In the previous chapter, you familiarized yourself with a multivariate industrial water pump dataset and learned how to configure data with Amazon Lookout for Equipment. You also ingested your dataset in the service and learned about the main errors that can arise during this step.
In this chapter, you will use the datasets you prepared and ingested previously to train a multivariate anomaly detection model. You will learn how to configure your model training and the impact each parameter can have on your results. You will also develop an understanding of the key drivers that can increase your training duration. At the end of this chapter, we will walk through the evaluation and diagnostics dashboard to give you the right perspective about the quality of the outputs.
In this chapter, we're going to cover the following main topics:
No hands-on experience with a language such as Python or R is necessary to follow this chapter's content. However, we highly recommend that you read this chapter while connected to your AWS account and open the Amazon Lookout for Equipment console to run the different actions on your end.
To create an AWS account and log into the Amazon Lookout for Equipment console, you can refer to the Technical requirements section of Chapter 2, An Overview of Amazon Forecast.

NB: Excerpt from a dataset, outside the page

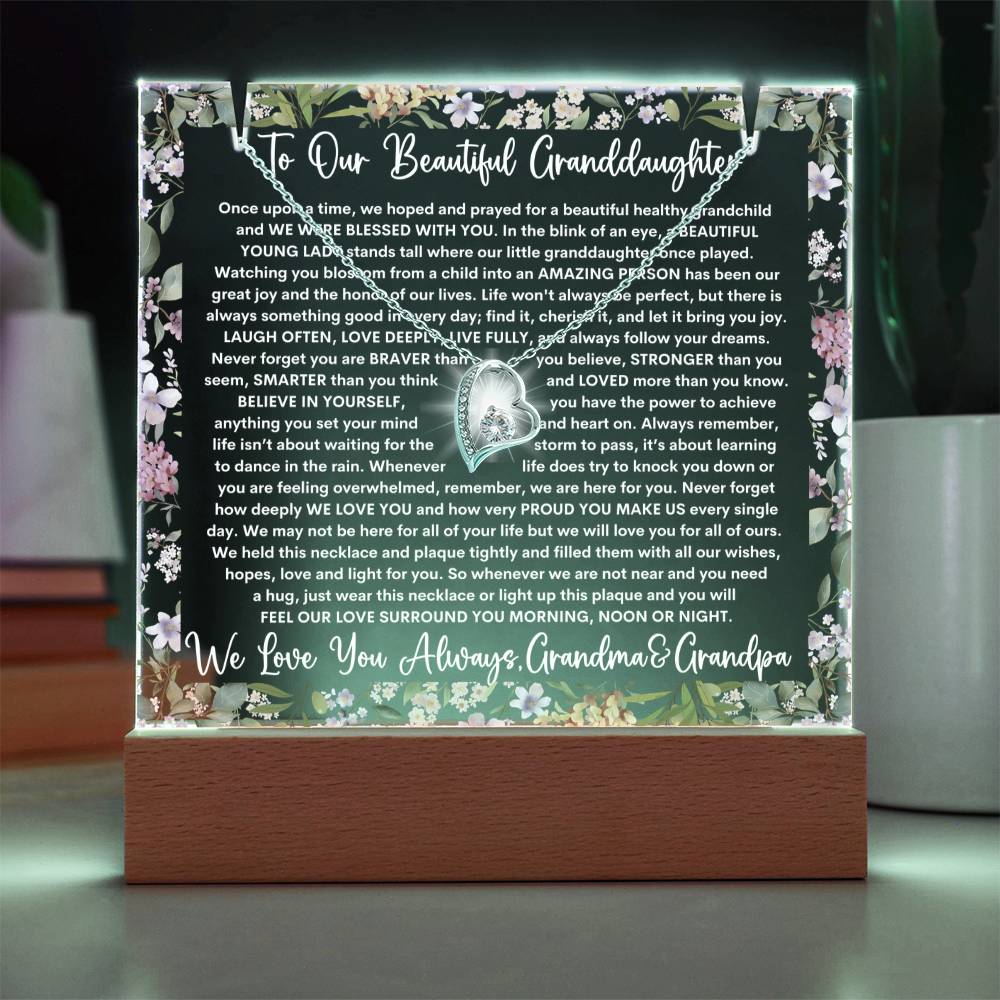 Granddaughter From Grandma & Grandpa (or just Grandma or Grandpa) Keepsake LED Lighted Acrylic Plaque & Forever Love Necklace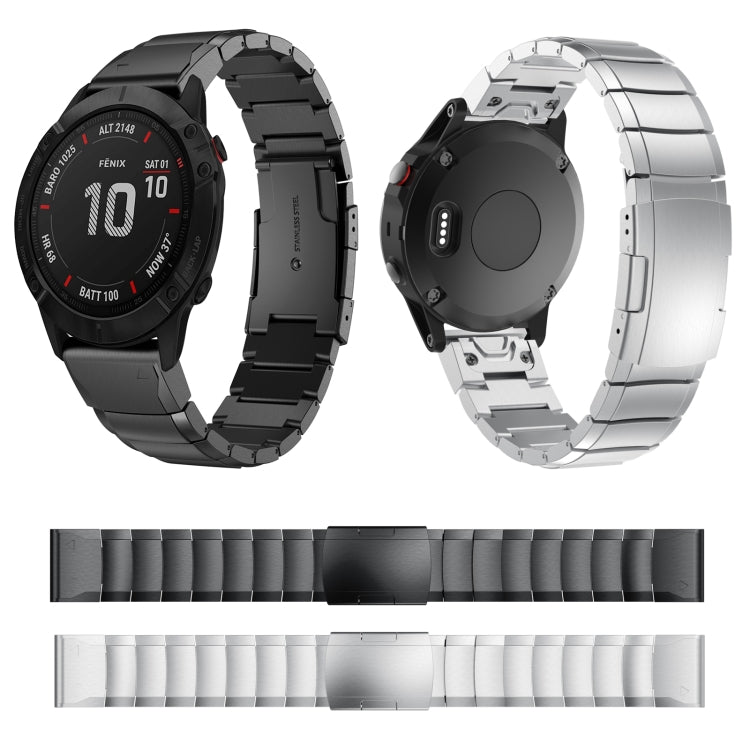 For Garmin Fenix 6 Pro GPS 22mm Tortoise Shell Stainless Steel Watch Band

In the previous chapter, you created an Amazon Lookout for Equipment dataset and ingested your first time series dataset in it. You are now ready to train an anomaly detection model.
To train an anomaly detection model with Amazon Lookout for Equipment, follow these steps:
From the popup that appears, click the label-data folder name:
Then, select Enter a custom IAM role ARN and paste the ARN of the LookoutEquipmentIndustrialPumpDataAccess role that you created in Chapter 9, Creating a Dataset and Ingesting Your Data, using the IAM service. The format of the ARN should be arn:aws:iam::<ACCOUNT-NUMBER>:role/LookoutEquipmentIndustrialPumpDataAccess, where <ACCOUNT-NUMBER> needs to be replaced with your AWS account number.
Important Note
Although you will see this historical event file often called the labels file, this denomination has nothing to do with the type of machine learning algorithms that are used by Amazon Lookout for Equipment as they are all fully unsupervised ones. For more details about how this labels file is used, check out the How is the historical events file used? section, later in this chapter.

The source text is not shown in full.